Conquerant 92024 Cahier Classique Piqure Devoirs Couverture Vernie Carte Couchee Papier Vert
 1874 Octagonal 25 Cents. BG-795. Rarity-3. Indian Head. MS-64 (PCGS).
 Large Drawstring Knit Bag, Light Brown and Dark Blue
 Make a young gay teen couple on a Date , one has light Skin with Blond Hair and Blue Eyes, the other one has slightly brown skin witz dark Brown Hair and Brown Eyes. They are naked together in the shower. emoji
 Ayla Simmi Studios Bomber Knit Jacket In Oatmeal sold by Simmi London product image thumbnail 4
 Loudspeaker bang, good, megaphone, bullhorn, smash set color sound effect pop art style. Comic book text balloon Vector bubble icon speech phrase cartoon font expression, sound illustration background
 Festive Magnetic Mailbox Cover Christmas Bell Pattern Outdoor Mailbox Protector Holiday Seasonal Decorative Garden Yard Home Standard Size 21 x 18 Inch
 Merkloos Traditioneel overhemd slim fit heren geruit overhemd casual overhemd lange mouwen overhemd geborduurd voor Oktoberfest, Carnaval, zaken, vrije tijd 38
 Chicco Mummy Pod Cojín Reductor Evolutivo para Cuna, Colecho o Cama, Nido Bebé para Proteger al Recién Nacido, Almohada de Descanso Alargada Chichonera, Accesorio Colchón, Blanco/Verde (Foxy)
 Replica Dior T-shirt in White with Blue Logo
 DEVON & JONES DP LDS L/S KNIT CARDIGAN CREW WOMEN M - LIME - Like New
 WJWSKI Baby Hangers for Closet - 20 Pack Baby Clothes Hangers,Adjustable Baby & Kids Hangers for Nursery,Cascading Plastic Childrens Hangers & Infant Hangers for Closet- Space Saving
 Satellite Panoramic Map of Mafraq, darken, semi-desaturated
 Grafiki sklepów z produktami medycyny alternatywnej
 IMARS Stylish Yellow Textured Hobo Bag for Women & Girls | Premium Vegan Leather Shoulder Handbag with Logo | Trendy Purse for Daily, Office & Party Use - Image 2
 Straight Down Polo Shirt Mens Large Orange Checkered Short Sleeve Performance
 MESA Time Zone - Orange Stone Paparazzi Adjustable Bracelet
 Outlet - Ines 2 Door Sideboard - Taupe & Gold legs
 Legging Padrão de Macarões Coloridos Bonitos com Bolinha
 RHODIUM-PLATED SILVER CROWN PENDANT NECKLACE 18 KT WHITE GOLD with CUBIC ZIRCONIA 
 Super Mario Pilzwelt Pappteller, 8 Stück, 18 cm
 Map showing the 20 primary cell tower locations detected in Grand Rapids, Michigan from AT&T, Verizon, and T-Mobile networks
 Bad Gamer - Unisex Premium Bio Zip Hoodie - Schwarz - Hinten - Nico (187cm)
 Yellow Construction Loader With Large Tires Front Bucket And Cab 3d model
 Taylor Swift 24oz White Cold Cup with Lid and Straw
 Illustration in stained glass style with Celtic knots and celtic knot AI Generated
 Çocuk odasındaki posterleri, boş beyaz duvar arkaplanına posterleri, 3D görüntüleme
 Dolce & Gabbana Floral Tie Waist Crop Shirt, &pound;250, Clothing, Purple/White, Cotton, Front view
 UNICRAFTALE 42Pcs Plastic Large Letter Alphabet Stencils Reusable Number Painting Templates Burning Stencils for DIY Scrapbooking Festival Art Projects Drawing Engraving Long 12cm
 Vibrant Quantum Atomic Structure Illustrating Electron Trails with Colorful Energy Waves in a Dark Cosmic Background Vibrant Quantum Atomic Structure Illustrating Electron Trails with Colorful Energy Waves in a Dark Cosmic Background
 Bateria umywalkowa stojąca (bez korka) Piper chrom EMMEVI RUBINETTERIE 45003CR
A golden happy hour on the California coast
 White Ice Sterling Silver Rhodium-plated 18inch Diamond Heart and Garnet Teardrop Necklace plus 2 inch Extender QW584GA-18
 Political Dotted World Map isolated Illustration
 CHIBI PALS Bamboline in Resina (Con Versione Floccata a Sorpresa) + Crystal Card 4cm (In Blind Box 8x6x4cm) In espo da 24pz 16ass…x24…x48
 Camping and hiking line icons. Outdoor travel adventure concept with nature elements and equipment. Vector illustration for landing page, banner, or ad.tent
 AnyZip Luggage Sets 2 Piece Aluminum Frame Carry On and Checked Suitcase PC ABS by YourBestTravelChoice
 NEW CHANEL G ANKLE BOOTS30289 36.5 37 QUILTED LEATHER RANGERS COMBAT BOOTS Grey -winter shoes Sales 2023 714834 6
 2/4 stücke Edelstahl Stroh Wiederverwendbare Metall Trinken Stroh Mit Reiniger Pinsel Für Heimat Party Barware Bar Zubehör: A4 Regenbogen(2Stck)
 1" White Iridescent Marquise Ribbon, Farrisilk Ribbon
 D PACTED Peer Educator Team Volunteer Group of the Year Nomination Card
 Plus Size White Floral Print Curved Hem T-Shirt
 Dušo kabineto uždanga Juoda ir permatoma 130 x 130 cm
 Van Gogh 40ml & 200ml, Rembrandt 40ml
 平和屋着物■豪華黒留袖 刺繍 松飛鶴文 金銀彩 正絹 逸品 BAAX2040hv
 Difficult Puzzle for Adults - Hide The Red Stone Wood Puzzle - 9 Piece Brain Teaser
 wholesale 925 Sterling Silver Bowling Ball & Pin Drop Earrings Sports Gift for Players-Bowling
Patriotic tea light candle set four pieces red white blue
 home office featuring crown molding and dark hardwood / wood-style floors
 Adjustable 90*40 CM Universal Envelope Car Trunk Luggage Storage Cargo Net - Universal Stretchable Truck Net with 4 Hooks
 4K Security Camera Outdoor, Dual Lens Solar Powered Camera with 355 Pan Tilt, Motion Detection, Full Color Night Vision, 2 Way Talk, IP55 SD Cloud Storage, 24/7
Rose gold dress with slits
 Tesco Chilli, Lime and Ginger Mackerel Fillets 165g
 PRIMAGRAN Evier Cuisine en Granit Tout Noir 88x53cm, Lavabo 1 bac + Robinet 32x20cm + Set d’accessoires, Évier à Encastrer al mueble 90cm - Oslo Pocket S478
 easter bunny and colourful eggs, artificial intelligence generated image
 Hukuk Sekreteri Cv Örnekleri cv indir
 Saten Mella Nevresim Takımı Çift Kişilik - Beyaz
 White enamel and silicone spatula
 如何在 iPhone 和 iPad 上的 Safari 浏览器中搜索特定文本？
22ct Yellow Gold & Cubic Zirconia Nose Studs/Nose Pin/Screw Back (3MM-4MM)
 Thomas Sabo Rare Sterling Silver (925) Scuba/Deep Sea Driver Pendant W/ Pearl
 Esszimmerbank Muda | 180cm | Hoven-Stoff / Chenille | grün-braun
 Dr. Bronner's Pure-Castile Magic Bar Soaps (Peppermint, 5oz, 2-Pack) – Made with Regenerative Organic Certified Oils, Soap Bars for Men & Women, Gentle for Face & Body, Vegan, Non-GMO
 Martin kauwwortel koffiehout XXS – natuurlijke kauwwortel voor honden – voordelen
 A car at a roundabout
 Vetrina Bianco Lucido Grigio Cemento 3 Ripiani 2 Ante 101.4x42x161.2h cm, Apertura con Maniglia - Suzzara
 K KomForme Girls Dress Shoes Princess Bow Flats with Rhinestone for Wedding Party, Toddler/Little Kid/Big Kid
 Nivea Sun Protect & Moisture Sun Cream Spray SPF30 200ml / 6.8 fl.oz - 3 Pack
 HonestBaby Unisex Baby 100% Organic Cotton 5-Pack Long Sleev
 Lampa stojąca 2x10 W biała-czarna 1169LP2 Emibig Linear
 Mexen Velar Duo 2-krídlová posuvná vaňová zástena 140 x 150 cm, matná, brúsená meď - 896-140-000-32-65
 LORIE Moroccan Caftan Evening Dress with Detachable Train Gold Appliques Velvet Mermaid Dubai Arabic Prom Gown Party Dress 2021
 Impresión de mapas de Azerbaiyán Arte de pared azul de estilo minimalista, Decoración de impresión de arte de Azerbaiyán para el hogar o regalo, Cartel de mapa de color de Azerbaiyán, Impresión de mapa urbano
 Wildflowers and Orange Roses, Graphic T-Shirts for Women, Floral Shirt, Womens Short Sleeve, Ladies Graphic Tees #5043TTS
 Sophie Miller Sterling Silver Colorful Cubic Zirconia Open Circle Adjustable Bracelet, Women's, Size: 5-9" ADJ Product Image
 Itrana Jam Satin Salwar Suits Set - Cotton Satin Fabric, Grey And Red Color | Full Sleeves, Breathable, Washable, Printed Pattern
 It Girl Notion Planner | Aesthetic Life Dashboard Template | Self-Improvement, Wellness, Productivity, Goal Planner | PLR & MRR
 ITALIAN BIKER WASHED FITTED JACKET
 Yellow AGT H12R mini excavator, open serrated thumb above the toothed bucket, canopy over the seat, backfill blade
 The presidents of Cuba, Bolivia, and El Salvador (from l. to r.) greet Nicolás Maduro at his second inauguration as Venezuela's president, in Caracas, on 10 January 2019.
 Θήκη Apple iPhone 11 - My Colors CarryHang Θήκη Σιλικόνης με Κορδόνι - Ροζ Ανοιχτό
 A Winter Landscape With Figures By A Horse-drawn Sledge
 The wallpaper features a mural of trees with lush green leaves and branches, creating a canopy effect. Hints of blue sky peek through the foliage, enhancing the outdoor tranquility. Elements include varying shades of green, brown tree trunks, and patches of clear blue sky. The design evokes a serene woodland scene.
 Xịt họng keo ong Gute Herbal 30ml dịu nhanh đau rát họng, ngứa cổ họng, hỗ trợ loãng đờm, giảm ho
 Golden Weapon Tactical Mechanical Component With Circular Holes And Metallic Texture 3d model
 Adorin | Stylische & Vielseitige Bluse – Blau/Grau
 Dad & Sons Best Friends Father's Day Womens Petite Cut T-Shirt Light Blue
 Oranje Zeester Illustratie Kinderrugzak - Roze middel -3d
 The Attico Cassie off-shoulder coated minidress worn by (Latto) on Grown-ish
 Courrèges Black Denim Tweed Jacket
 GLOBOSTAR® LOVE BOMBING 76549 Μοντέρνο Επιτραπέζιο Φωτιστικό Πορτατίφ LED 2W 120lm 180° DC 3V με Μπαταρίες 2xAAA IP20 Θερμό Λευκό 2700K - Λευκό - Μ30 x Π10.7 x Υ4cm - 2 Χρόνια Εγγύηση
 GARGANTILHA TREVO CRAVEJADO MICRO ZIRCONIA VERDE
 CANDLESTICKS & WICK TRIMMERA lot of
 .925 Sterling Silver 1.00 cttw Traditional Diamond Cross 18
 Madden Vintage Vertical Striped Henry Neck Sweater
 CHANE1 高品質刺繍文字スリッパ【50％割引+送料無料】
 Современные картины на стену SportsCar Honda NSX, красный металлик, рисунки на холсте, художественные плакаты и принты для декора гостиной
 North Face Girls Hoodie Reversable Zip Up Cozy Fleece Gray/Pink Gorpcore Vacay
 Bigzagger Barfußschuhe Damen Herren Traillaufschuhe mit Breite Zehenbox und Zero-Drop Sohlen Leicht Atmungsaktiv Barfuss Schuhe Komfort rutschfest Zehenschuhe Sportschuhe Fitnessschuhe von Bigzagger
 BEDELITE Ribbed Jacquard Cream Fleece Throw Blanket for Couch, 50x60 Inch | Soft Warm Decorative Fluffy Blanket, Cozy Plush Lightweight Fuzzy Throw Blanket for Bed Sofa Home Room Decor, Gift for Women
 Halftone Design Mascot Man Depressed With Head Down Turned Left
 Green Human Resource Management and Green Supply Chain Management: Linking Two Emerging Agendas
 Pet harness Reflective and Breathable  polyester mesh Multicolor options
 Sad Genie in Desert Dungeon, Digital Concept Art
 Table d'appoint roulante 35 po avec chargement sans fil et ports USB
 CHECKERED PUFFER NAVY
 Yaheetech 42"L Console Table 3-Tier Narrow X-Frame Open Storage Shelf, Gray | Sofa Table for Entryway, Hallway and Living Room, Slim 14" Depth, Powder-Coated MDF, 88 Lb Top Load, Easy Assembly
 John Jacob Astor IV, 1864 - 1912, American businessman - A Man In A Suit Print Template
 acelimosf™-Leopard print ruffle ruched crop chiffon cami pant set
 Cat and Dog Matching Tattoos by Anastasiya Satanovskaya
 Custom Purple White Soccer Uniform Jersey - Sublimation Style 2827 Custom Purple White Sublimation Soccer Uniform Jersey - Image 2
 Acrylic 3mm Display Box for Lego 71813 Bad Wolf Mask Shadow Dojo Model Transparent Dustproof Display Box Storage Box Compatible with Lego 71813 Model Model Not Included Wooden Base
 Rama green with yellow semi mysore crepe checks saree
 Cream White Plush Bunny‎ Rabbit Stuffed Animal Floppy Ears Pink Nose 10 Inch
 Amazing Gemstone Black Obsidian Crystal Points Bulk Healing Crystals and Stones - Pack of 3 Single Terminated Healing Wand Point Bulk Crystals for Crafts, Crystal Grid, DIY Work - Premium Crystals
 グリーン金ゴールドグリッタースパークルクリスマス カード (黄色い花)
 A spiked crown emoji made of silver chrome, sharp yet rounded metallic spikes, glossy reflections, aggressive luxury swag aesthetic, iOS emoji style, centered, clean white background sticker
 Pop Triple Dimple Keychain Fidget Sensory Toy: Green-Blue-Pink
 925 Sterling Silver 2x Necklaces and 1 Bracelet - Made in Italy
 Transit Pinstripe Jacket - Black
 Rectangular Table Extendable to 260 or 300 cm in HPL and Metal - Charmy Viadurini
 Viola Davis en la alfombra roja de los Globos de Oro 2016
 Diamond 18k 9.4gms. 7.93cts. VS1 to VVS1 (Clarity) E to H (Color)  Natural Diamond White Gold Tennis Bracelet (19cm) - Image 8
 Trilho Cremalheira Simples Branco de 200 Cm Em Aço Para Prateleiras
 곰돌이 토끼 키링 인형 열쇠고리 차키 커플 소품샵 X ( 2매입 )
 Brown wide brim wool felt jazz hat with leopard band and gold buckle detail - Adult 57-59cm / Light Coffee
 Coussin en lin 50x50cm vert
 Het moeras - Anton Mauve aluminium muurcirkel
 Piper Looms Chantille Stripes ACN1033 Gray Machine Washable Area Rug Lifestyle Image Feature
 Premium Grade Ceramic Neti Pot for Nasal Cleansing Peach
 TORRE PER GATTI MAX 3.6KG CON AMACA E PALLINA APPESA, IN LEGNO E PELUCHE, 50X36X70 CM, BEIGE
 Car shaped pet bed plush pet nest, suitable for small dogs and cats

◇ ◇ ◇ ◇ ◇

PROBLEM TO SOLVE –
Return, word for word, the lines of the data above from the line with "Oranje Zeester Illustratie" through the line with "Bigzagger Barfußschuhe Damen", inclusive.

RESPONSE FOR THIS EXERCISE –
 Oranje Zeester Illustratie Kinderrugzak - Roze middel -3d
 The Attico Cassie off-shoulder coated minidress worn by (Latto) on Grown-ish
 Courrèges Black Denim Tweed Jacket
 GLOBOSTAR® LOVE BOMBING 76549 Μοντέρνο Επιτραπέζιο Φωτιστικό Πορτατίφ LED 2W 120lm 180° DC 3V με Μπαταρίες 2xAAA IP20 Θερμό Λευκό 2700K - Λευκό - Μ30 x Π10.7 x Υ4cm - 2 Χρόνια Εγγύηση
 GARGANTILHA TREVO CRAVEJADO MICRO ZIRCONIA VERDE
 CANDLESTICKS & WICK TRIMMERA lot of
 .925 Sterling Silver 1.00 cttw Traditional Diamond Cross 18
 Madden Vintage Vertical Striped Henry Neck Sweater
 CHANE1 高品質刺繍文字スリッパ【50％割引+送料無料】
 Современные картины на стену SportsCar Honda NSX, красный металлик, рисунки на холсте, художественные плакаты и принты для декора гостиной
 North Face Girls Hoodie Reversable Zip Up Cozy Fleece Gray/Pink Gorpcore Vacay
 Bigzagger Barfußschuhe Damen Herren Traillaufschuhe mit Breite Zehenbox und Zero-Drop Sohlen Leicht Atmungsaktiv Barfuss Schuhe Komfort rutschfest Zehenschuhe Sportschuhe Fitnessschuhe von Bigzagger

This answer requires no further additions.